Wetten v. Horix

33 N.E.2d 615, 309 Ill. App. 535, 1941 Ill. App. LEXIS 1018
CourtAppellate Court of Illinois
DecidedApril 15, 1941
DocketGen. No. 40,770
StatusPublished
Cited by4 cases

This text of 33 N.E.2d 615 (Wetten v. Horix) is published on Counsel Stack Legal Research, covering Appellate Court of Illinois primary law. Counsel Stack provides free access to over 12 million legal documents including statutes, case law, regulations, and constitutions.

Bluebook
Wetten v. Horix, 33 N.E.2d 615, 309 Ill. App. 535, 1941 Ill. App. LEXIS 1018 (Ill. Ct. App. 1941).

Opinion

Mr. Justice John J. Sullivan

delivered the opinion of the court.

Judgment for $4,724.50 was entered by confession in favor of plaintiff, Emil C. Wetten, and against the defendant Carl Horix. Execution was served upon defendant by the sheriff and returned “No property found and no part satisfied.” Plaintiff filed an affidavit in garnishment and caused a summons in garnishment and interrogatories to be served on the garnishee, Clicquot Club Company. The garnishee filed an amended answer to the interrogatories. Plaintiff filed a traverse of said answer. The garnishee filed a written motion to strike plaintiff’s traverse and to dismiss the garnishment proceeding and discharge the garnishee. Although the trial court denied the motion to strike plaintiff’s traverse, it entered an order allowing the motion to dismiss the garnishment proceeding and discharge the garnishee. This appeal is from that order.

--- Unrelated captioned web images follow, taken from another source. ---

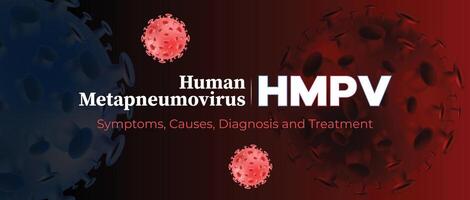 Human metapneumovirus HMPV illustration on a dark red and black background with viral particles, representing respiratory infection, virology, and disease awareness vector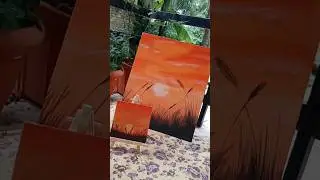 Beautiful Sunset nature painting ☀️😍 #viral #shortvideo #painting #youtubeshorts #art #nature
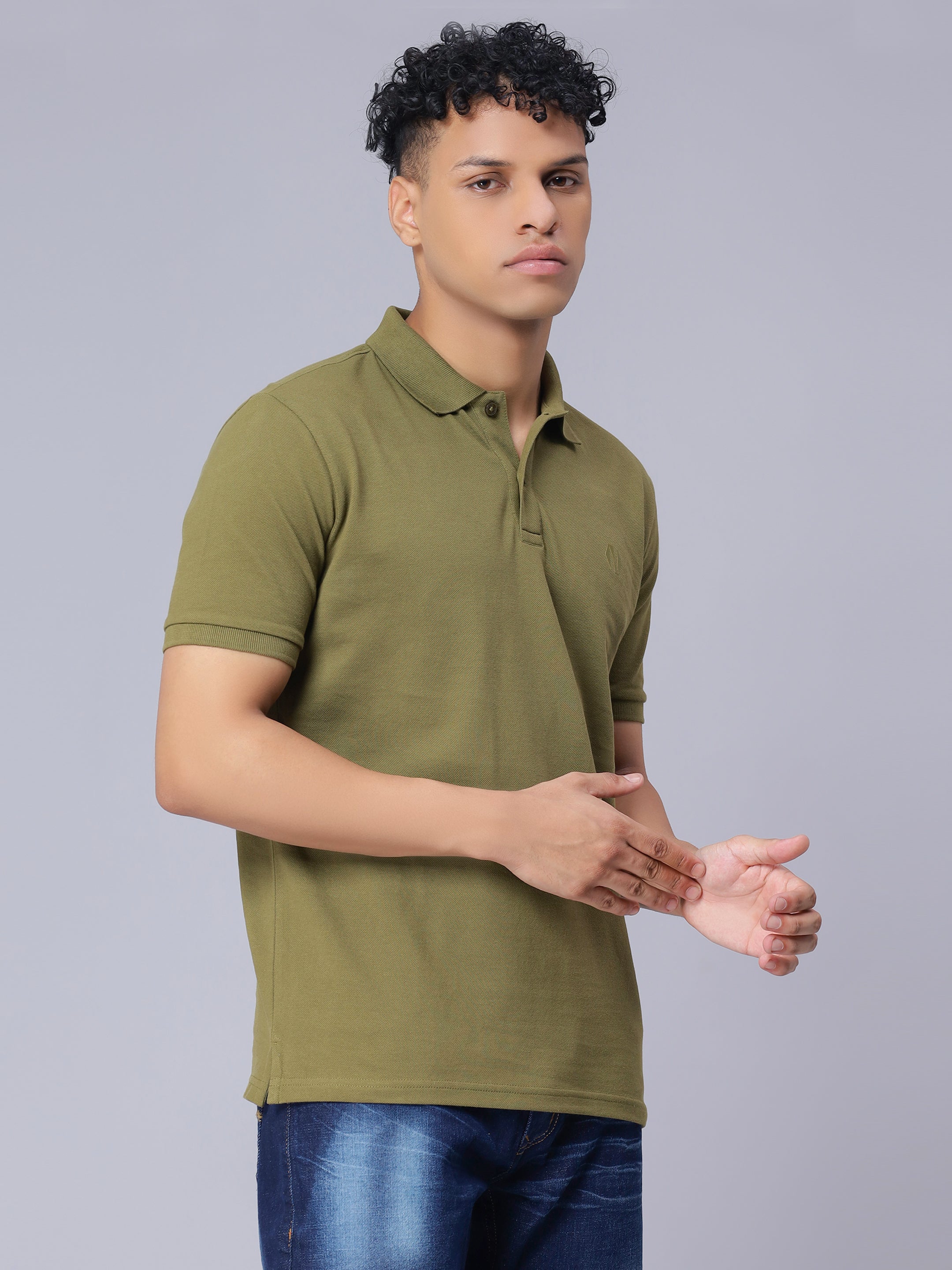 Nimble PURPLE Label Regular Polo T-shirt with Antibacterial Finish for Men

Of the interrogatories filed by plaintiff it is only necessary to consider the “7th,” which is as follows: “ ‘Had you at the date of the service of the said writ any contract or agreement with said Carl Horix providing for the payment of any royalties by you to him? If so, describe the same fully, giving the amount of said royalties, the time or times when they shall become due and payable, and describe the same fully and particularly.’ ”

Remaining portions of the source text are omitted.